Notgeld. Foto: Museum Filia

Die Ausgabe der “Billets”, des Papiergeldes, von Seiten der Schulaufsicht Filias stellt eine weitere Neuheit des großen Wohltäters Karagianopoulou dar, da wir entsprechende Billets mit einer Schule als Herausgeber sonst nur aus Konstantinopel her kennen.
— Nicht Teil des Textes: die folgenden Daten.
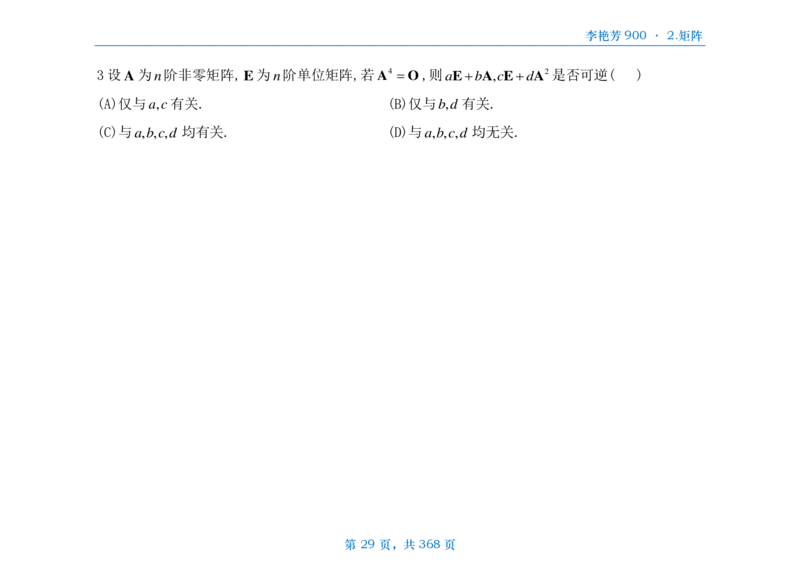 [横版]25李艳芳《900题》数三线代概率_考研_数学_08.李艳芳_25李艳芳《900题》做题本_数三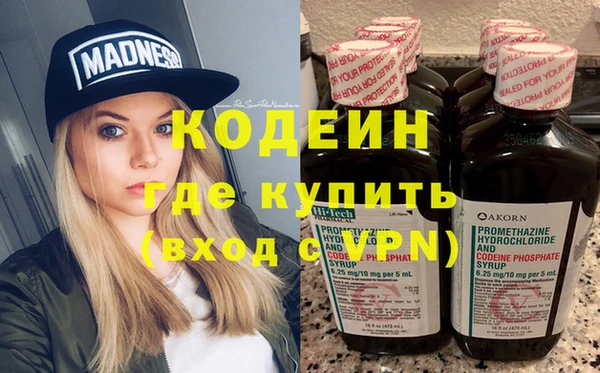 дурь Абаза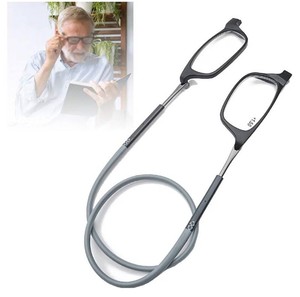 Magnifying Reading Glasses With Neck Cord & Case - New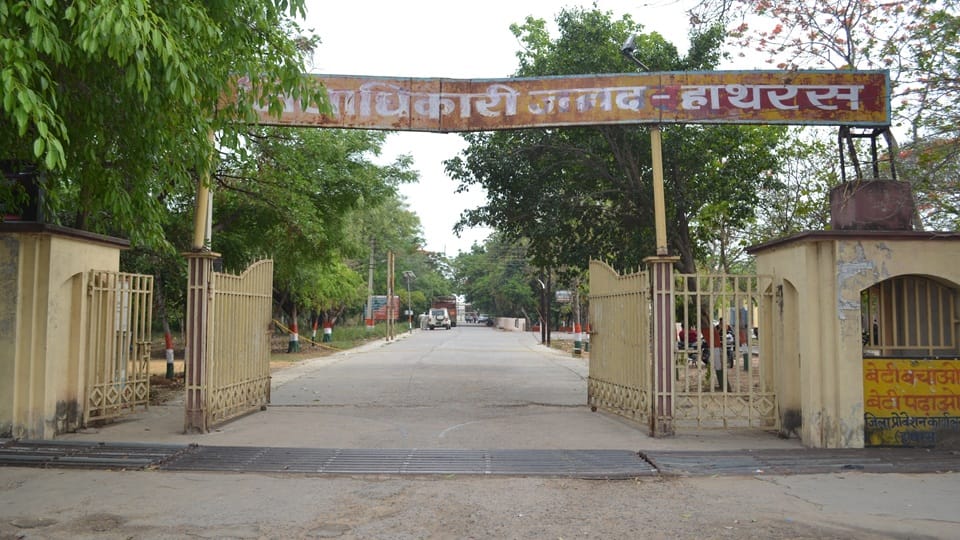 Foundation day of Hathras district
Ich habe euch Einblick in diese Zeit vor ungefähr 130 Jahren gegeben, da ich meine, dass es ein Charakteristikum der Bewohner Filias gibt, das unveränderlich bleibt: ihre Liebe zur schulischen Bildung an ihrem Ort und deren Erhalt und Weiterentwicklung. Im Gegensatz zur schrumpfenden Bevölkerungszahl und der ökonomischen Krise tragen die Einwohner Filias – jeder nach seinen Möglichkeiten – dazu bei, dass die schulische Bildung und besonders die der Sekundarstufe in dem kleinen Ort weiterhin erhalten bleibt. Ich möchte besonders das freiwillige Engagement jedweder Art hervorheben und anerkennen, das während der Dauer der Renovierungsarbeiten der Realschule sowohl von den Dorfbewohnern als auch dem Lehrpersonal der Schule erbracht wurde.

Und natürlich bilden bei diesen Bemühungen die Gebrüder Stelios und Giorgos Kalfagiannis die Vorreiter, große Förderer der Schule und würdige Nachfolger des Werkes von Georgios Karagianopoulos. Als örtliche Führungsperson für die Schulbildung glaube ich, dass dank der kontinuierlichen und großzügigen Zuwendungen der brüderlichen Wohltäter die Realschule Filia weiterhin unter idealen Unterrichtsbedingungen ihren Schulbetrieb fortsetzen wird. Unter Bedingungen, für die sie viele Schulen größerer Ortschaften auf der Insel, aber auch Griechenlands beneiden.

Die Gemeindeverwaltung von Filia, der Rektor und das Lehrpersonal der Schule und ich selbst drücken den Gebrüdern Kalfagianni gegenüber unsere Dankbarkeit für ihre kontinuierlichen Geldzuwendungen an die Realschule aus. Es wäre ein Versäumnis meinerseits, wenn ich bei dieser Veranstaltung nicht den großen Anteil erwähnen würde, den die Bezirksverwaltung Lesbos sowie der geschätzte Ortsvorsteher Filias, Stavro Skalochoriti, der unentwegt und geduldig hin und her rannte, um unverzüglich alle auftauchenden Probleme zu lösen, zum Gelingen dieses Werkes beigetragen haben. Zum Schluss möchte ich aus tiefstem Herzen den visionären Rektor der Schule, Lazaro Chondromatidi, für die riesige Leistung beglückwünschen, die er innerhalb nur einen Jahres seiner Rektorenzeit vollbracht hat. Ebenso gratuliere ich dem Lehrerkollegium der Schule, die ihr Bestes geben, um mit den modernsten Methoden die Schüler zu unterrichten.